8. The detainee was captured with an admitted supporter of Libyan Islamic Fighting Group (LIFG).
9. LIFG is an extremist group with members aligned with al Qaida organization or active in the international Mujahadeen network.
10. The detainee was an employee of the International Islamic Relief Organization (IIRO).
11. The IIRO is a large Jeddah-based humanitarian aid organization that performs relief work worldwide, but also is used by Islamic terrorists and insurgents for cover, travel, and funding.
12. The detainee was a bodyguard for Usama Bin Ladin.
13. The detainee is prominent in the Usama Bin Ladin and Egyptian Islamic Jihad circles.
14. The detainee was apprehended during the "Greentown" raids on 3 April 2002, in Lahore, Pakistan.

On March 3, 2006, in response to a court order from Jed Rakoff the Department of Defense published a Summarized transcript from over 300 Tribunals.
Saleem's transcript was not published on March 3, 2006. A three-page summarized transcript from the unclassified session of his Tribunal was published in September 2007, as part of his habeas corpus petition.

===Allah Muhammed Saleem v.

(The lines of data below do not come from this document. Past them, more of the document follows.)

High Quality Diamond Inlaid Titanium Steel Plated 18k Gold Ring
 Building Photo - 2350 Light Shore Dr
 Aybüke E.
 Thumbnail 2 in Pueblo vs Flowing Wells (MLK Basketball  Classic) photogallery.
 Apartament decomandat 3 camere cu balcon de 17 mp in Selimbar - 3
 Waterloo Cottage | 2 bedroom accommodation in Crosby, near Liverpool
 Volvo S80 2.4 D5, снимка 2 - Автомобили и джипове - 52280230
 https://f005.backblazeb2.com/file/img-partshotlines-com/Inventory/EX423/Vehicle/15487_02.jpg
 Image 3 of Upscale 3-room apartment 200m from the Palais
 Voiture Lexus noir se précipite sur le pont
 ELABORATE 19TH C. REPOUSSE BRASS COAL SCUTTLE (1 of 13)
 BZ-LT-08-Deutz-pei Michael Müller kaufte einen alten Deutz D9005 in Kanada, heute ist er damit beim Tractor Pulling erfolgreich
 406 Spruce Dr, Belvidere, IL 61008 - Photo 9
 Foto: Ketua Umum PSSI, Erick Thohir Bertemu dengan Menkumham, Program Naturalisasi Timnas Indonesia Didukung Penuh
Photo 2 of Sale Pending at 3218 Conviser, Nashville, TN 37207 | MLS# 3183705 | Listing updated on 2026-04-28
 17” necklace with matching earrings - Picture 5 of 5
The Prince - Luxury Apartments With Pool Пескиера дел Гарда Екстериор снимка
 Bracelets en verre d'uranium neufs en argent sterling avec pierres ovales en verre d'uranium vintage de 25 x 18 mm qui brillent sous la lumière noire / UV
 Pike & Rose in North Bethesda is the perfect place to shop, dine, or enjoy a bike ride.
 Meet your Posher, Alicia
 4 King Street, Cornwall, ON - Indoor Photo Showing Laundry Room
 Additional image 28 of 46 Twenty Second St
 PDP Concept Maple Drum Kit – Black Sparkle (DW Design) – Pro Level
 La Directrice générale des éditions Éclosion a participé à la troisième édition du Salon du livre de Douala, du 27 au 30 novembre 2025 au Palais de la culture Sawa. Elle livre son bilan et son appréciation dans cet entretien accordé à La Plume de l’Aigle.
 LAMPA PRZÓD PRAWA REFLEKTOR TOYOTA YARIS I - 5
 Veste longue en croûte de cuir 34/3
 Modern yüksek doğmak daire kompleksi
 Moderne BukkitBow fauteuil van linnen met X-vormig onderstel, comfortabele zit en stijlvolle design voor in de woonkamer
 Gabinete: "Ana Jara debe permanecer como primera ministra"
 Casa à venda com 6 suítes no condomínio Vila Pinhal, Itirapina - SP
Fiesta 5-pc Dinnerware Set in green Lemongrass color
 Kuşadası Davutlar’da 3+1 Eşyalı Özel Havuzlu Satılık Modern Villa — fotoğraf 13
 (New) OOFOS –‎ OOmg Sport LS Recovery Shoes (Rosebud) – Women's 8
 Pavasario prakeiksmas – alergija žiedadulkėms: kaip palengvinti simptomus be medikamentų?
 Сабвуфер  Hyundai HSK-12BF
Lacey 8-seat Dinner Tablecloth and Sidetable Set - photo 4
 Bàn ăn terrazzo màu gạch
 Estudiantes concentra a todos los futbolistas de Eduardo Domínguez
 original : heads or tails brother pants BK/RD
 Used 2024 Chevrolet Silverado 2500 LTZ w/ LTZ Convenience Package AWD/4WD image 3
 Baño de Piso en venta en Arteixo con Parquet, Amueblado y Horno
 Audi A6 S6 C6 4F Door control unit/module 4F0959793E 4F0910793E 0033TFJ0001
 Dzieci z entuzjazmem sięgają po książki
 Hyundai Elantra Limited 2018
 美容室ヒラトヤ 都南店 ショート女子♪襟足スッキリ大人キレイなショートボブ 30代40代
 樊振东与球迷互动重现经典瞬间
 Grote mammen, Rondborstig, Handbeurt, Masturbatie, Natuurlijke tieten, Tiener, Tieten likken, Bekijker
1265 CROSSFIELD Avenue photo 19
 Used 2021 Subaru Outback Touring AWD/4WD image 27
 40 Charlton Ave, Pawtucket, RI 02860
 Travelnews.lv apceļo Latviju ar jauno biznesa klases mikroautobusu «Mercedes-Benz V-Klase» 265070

George W. Bush===

A writ of habeas corpus, Allah Muhammed Saleem v. George W. Bush, was submitted on
Allah Muhammed Saleem's behalf.
In response, on 12 November 2005,
the Department of Defense released 29
pages of unclassified documents related to his Combatant Status Review Tribunal to his lawyers.
Those 29 pages were published in September 2007.

On January 13, 2005 Tribunal panel 30 determined he was not an "enemy combatant" after all.

===Not an enemy combatant===

Two of the three officers who sat on Tribunal panel 30, which convened to confirm or refute his status as an "enemy combatant" voted to recommend that he should not be considered an enemy combatant. The dissenting officer prepared a minority report, which was not published. The unclassified version of the Tribunal's report did not say why they discounted the allegations against him.

==Asylum in Albania==

Like five of the Uyghur detainees in Guantanamo the government of Albania agreed to allow Salim to be transferred to Albania, and to apply for Asylum. Salim was transferred to a refugee center there on 17 November 2006. Salim has been visited, in Albania, by his American lawyers. Zari reports that Salim's family in Egypt are not accepting phone calls from either Salim, or his lawyers. According to Zari: "Salim pointed out that he was suffering from some health problems resulting from his torture in Guantanamo,"

==McClatchy interview==

On June 15, 2008, the McClatchy News Service published articles based on interviews with 66 former Guantanamo captives. McClatchy reporters interviewed Abd al Maqsut Muhammad Sagim Mazruh.
He reported being tortured.

The McClatchy report states he was held in the Bagram Theater Detention Facility prior to transfer to Guantanamo.

He has requested that his family be permitted to join him in Albania.